Here’s where it gets really good. “As it happens, the superdelegates themselves can solve this problem,” Ms. Ferraro opines, “At this summer's Democratic national convention in Denver, the superdelegates could assert their leadership on the credentials and rules committees. That is, after all, one of the reasons they were created in the first place in 1982.” A past Vice Presidential candidate of the Democratic Party is advocating that fewer than 800 faceless insiders overthrow the will of millions of American voters, simply because she doesn’t like whom they picked. It hurts my heart to read it.

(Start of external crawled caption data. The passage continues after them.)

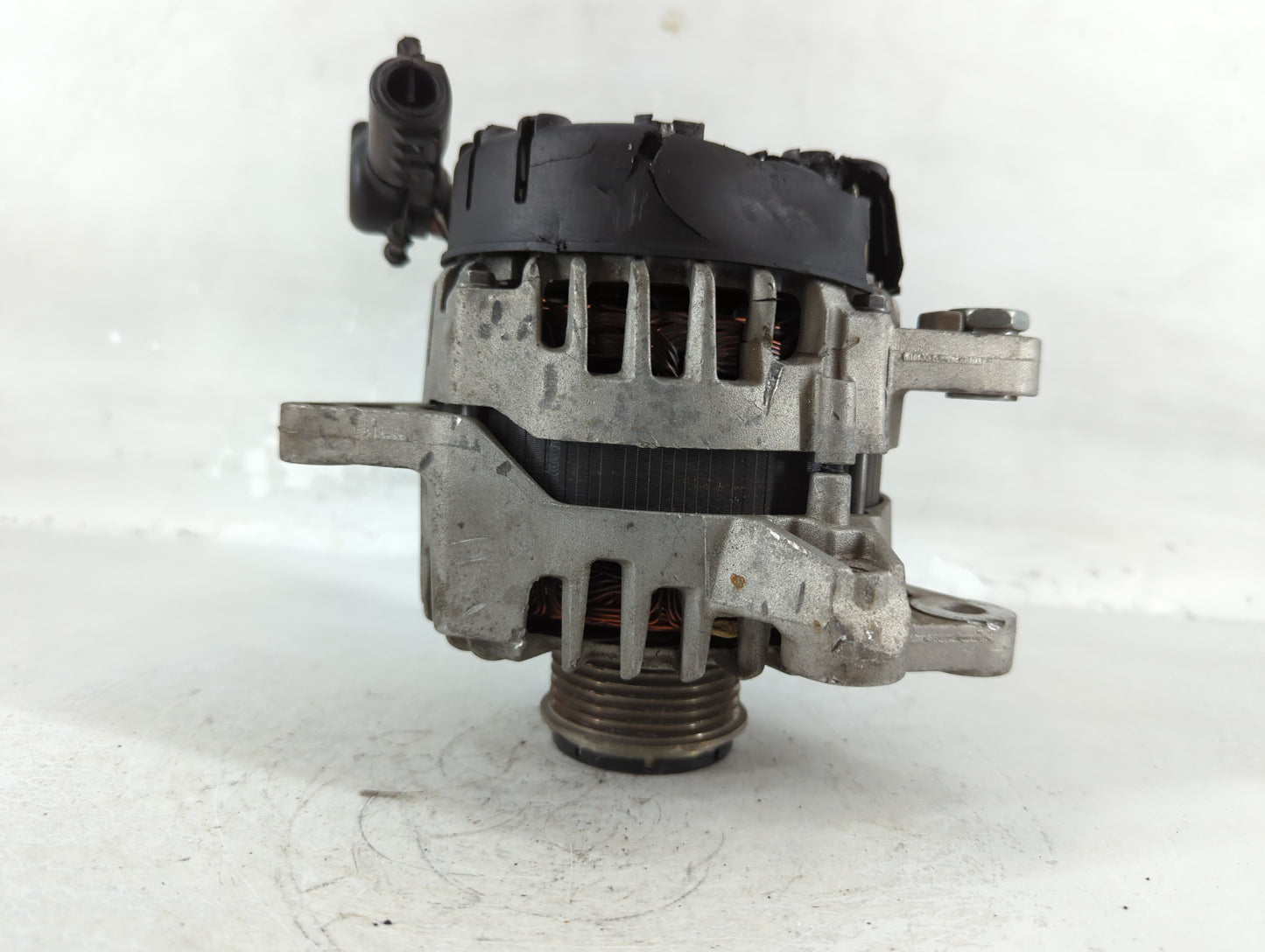 2018-2021 Hyundai Kona Alternator Replacement Generator Charging Assembly Engine OEM P/N:2627727 37300-2E821 Fits OEM Used A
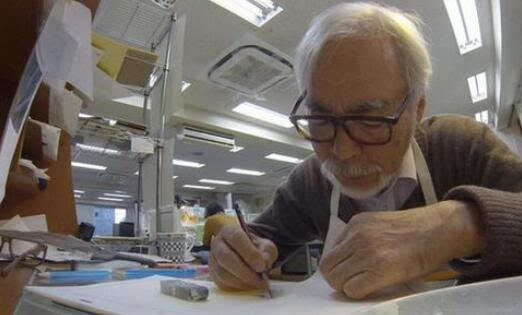  大多数日本专业画师习惯用传统方式作画。图为工作中的日本漫画家宫崎骏 图据网络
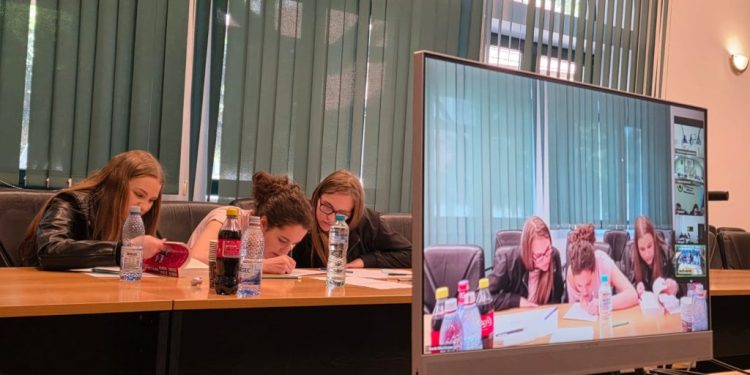 Echipaj de la Liceul Teoretic ”Ion Luca” Vatra Dornei, calificat la faza pe țară a concursului european „Tineri în pădurile Europei”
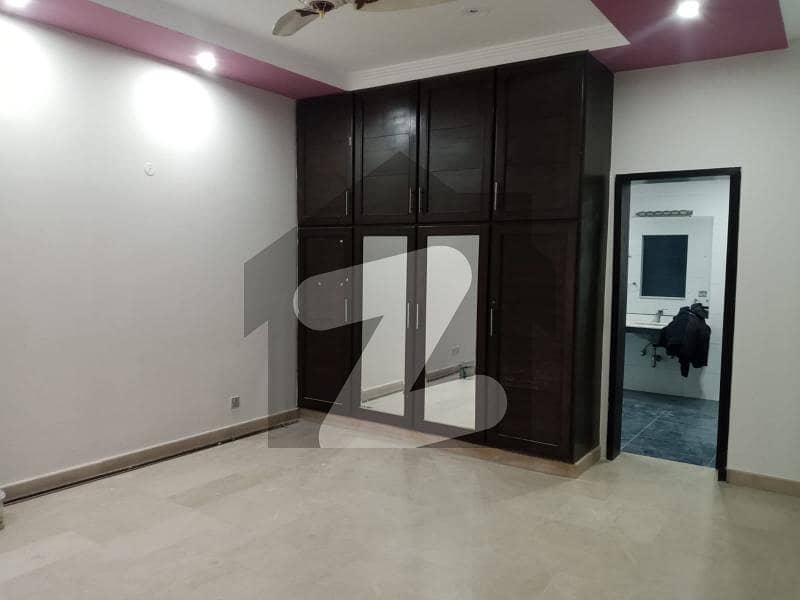 1 Kanal Beautiful Upper Portion Available For Rent In Dha Phase 5 Lahore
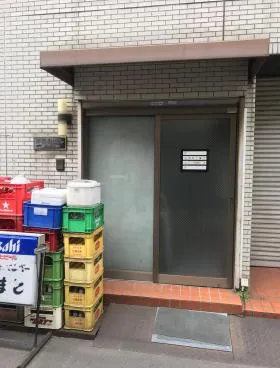 伊勢権ビルの外観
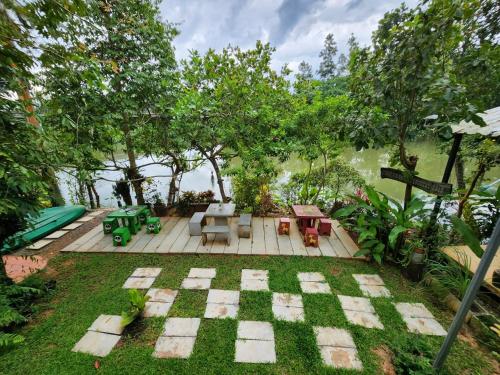 Suankafae Resort สวนกาแฟรีสอร์ท - Thailand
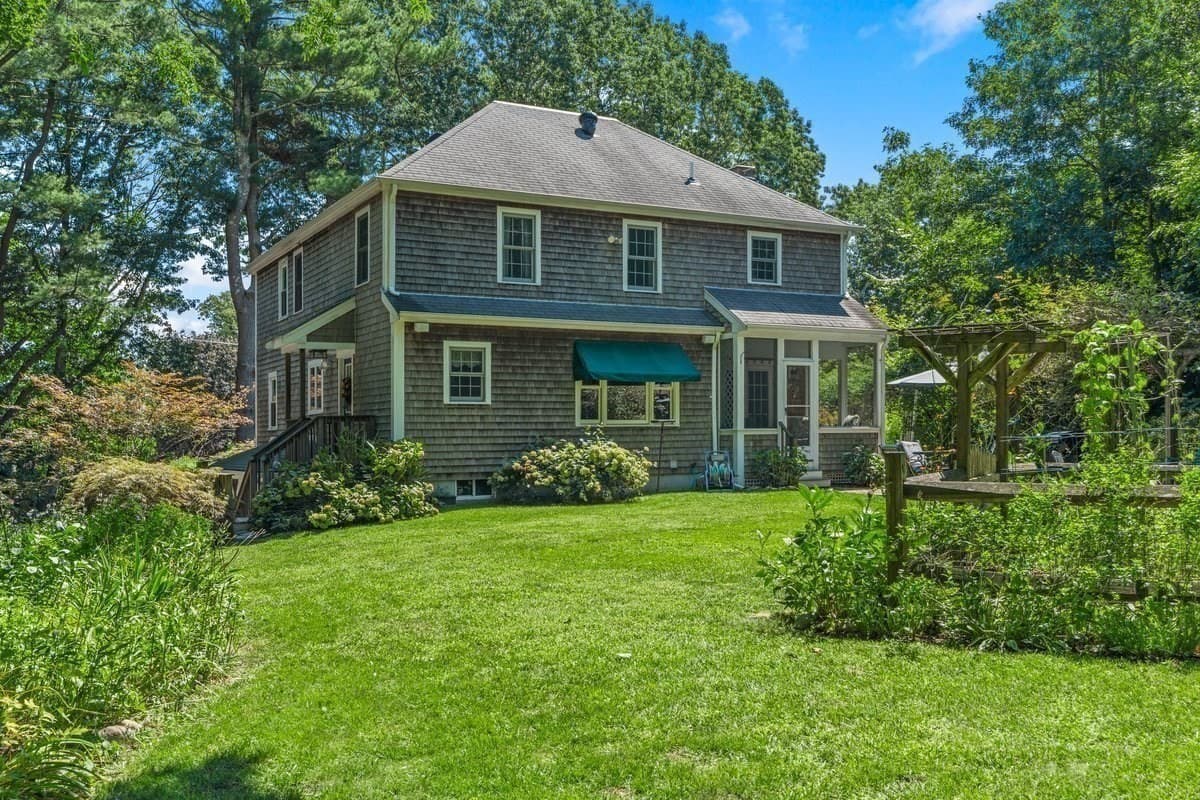 Single Family Residence at 865 Moraine St, Marshfield MA 02050, photo 37 of 42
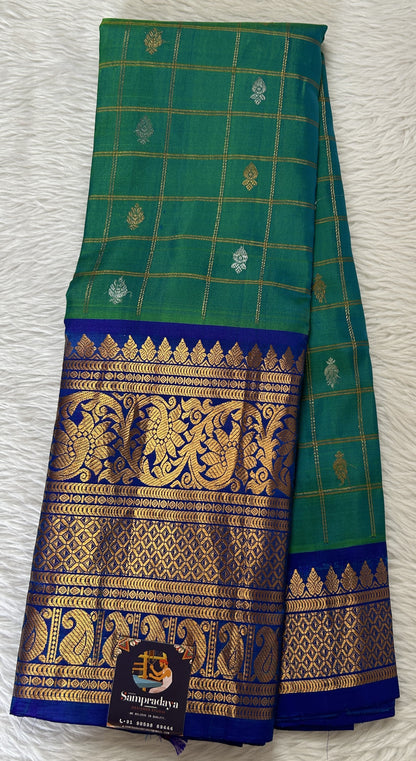 Gadwal Pattu Saree Green Colored Complemented With a Ink Blue Color Kanchi Border - Sampradaya Designer Studio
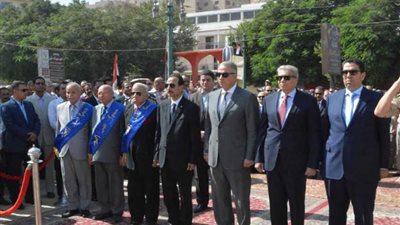 محافظ المنيا يضع إكليل زهور على النصب التذكاري احتفالا بانتصارات أكتوبر (صور)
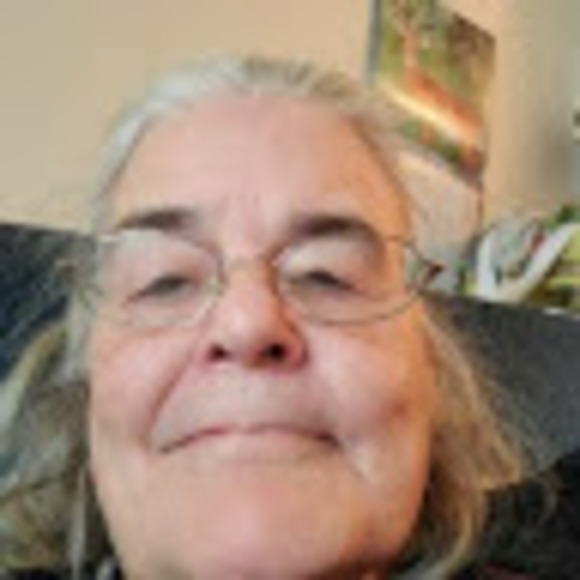 Profile Picture of Janet Antler (@antlerjanet60) on Poshmark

If the only way that Senator Clinton can win is by changing rules, stealing delegates, and ignoring rank and file Democrats in favor of her political cronies (many of whom she and her husband have spent 15 years buying with ambassadorships, campaign donations, and DLC table scraps) then she deserves to lose, badly. If the best arguments that she can offer for her nomination are the anemic, fossilized, patronizing, alienating steaming piles of dung that Ms. Ferraro served up, then Dr. Dean should show Hillary Clinton, Geraldine Ferraro and the rest of the Geritol Gang to the door. And if the Democratic Party turns its back on millions of new voters, young voters, base voters and enlightened Republicans and Independents willing to actually listen before they vote, then we don’t deserve to win.


Comments (22)

Zingingly, methodically brilliant! Amen!

I wrote a comment elsewhere that, the sounds you're hearing now are party-elders' fingernails scraping the brick as they're being pried from the top floor of a burning building.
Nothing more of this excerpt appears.